-- EXERCISE REQUIREMENTS --
The first line of the entries through the line bearing "Manifold Air Pressure": copy these lines exactly and return nothing else.

-- AVAILABLE DATA --
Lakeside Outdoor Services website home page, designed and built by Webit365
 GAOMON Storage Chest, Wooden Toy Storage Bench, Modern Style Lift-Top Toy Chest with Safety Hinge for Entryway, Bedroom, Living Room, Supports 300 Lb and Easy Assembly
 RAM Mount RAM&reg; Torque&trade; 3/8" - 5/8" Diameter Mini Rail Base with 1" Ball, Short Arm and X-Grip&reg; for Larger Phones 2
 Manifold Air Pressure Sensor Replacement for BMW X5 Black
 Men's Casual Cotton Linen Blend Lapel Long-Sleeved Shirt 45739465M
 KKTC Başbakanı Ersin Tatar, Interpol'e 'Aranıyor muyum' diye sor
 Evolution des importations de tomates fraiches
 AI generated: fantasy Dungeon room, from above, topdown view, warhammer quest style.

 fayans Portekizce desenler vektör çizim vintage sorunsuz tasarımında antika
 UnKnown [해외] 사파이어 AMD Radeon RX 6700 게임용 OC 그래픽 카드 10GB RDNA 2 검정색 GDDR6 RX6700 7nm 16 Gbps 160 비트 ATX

-- ANSWER SECTION --
Lakeside Outdoor Services website home page, designed and built by Webit365
 GAOMON Storage Chest, Wooden Toy Storage Bench, Modern Style Lift-Top Toy Chest with Safety Hinge for Entryway, Bedroom, Living Room, Supports 300 Lb and Easy Assembly
 RAM Mount RAM&reg; Torque&trade; 3/8" - 5/8" Diameter Mini Rail Base with 1" Ball, Short Arm and X-Grip&reg; for Larger Phones 2
 Manifold Air Pressure Sensor Replacement for BMW X5 Black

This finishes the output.